Counties of England

Counties of England
Also known as:
English ceremonial counties 1998.svg
Ceremonial counties
English metropolitan and non-metropolitan counties 2009.svg
Metropolitan and non‑metropolitan counties
Category Counties
Location   England
Found in Regions
Created Established in Middle Ages
Possible status Ceremonial (48)
Metropolitan and non‑metropolitan (83)

The counties of England are areas used for the purposes of administrative, geographical, cultural or political demarcation. For administrative purposes, England outside Greater London and the Isles of Scilly is divided into 83 metropolitan and non-metropolitan counties. These counties may consist of a single district or be divided into several districts. As of April 2009, 27 of these counties are divided into districts and have a county council. Six of the counties, covering the major conurbations, are known as metropolitan counties, which do not have county councils, although some functions are organised on a county-wide basis by their districts ( metropolitan boroughs) acting jointly.

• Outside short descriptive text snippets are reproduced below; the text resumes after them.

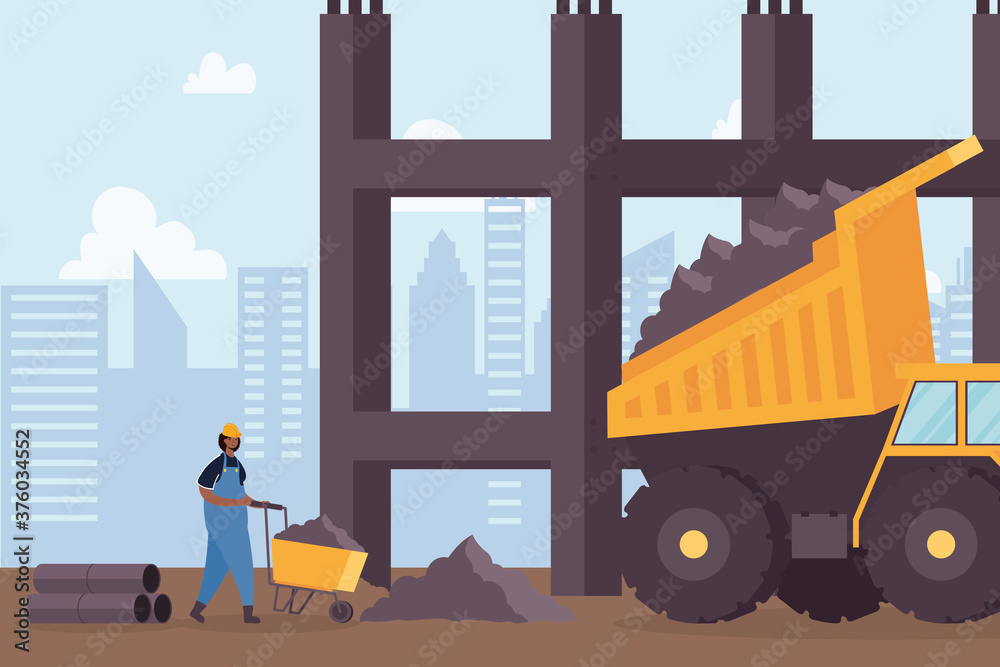 construction dump vehicle and builder in workplace scene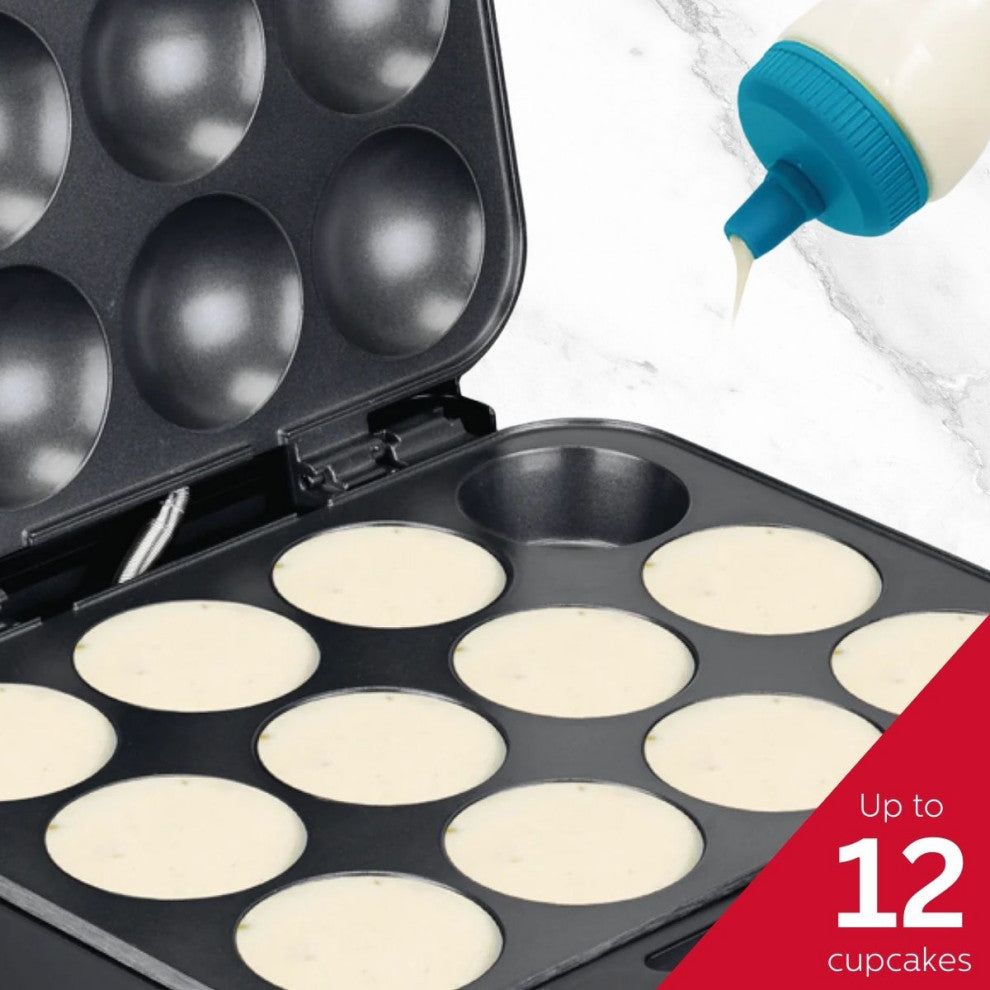 Holstein Housewares Cupcake Maker, 12 Full Size Muffins, Cinnamon Buns, and more, Black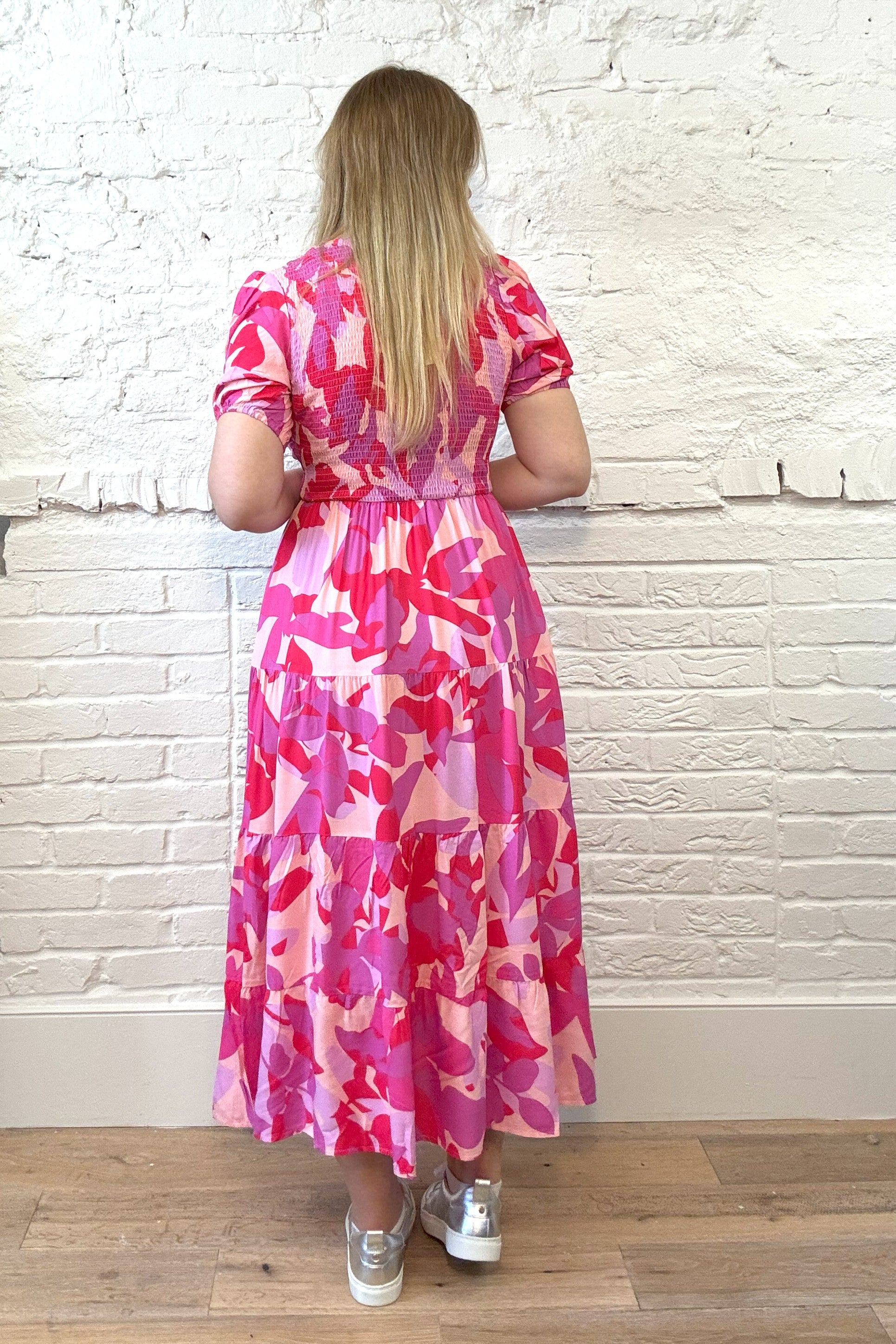 Botanical Print Shirred Dress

All of England (including Greater London and the Isles of Scilly) is also divided into 48 ceremonial counties, which are also known as geographic counties. Most ceremonial counties correspond to a metropolitan or non-metropolitan county of the same name but often with reduced boundaries.

The current arrangement is the result of incremental reform. Many of the counties have their origins in the Middle Ages, [1] although the larger counties of Yorkshire and Sussex lost many or all of their administrative functions centuries ago. The geographic counties which existed before the local government reforms of 1965 and 1974 are referred to as ancient counties or historic counties. From 1889 to 1974 areas with county councils were known as administrative counties, which excluded larger towns and cities known as county boroughs and included divisions of some geographic counties. [2] From 1974 to 1996 the metropolitan and non-metropolitan counties, some of which were established only in 1974, [3] corresponded directly with the ceremonial counties.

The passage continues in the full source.